The index manager obviously has a counter, so that popular stuff is cached while one-off data isn't.

(Pdb) self.index_manager.find_present_keys(necessary_keys)
(Pdb) self.index_manager.find_present_keys(necessary_keys)
(Pdb) self.index_manager.find_present_keys(necessary_keys)
(Pdb) self.index_manager.find_present_keys(necessary_keys)
(Pdb) self.index_manager.find_present_keys(necessary_keys)
(Pdb) self.index_manager.find_present_keys(necessary_keys)
(Pdb) self.index_manager.find_present_keys(necessary_keys)
['C=VCALENDAR/C=VEVENT/P=CATEGORIES']
(Pdb) self.index_manager.find_present_keys(necessary_keys)
['C=VCALENDAR/C=VEVENT/P=CATEGORIES']

I guess the question is not how this caching system works ... the question is more on the data put into it or taken out from it, it probably needs some kind of conversion somewhere.

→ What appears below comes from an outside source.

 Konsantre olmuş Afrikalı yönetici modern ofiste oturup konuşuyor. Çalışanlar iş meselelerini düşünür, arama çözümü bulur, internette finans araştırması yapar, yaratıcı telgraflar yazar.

tobixen commented 2 years ago

The objects in the cache seems to be ... objects, but the code is doing a vClass.from_ical(foo), which works when foo is a string. For vText this works well, since vText can easily be casted to a string.

jelmer commented 2 years ago

The icalendar interface is a bit odd; it needs to be calling vClass(vClass.from_ical(foo)) to work properly

jelmer commented 2 years ago

Ah, I think I found it. The first time the index is generated, it's use for filtering and not explicitly serialized.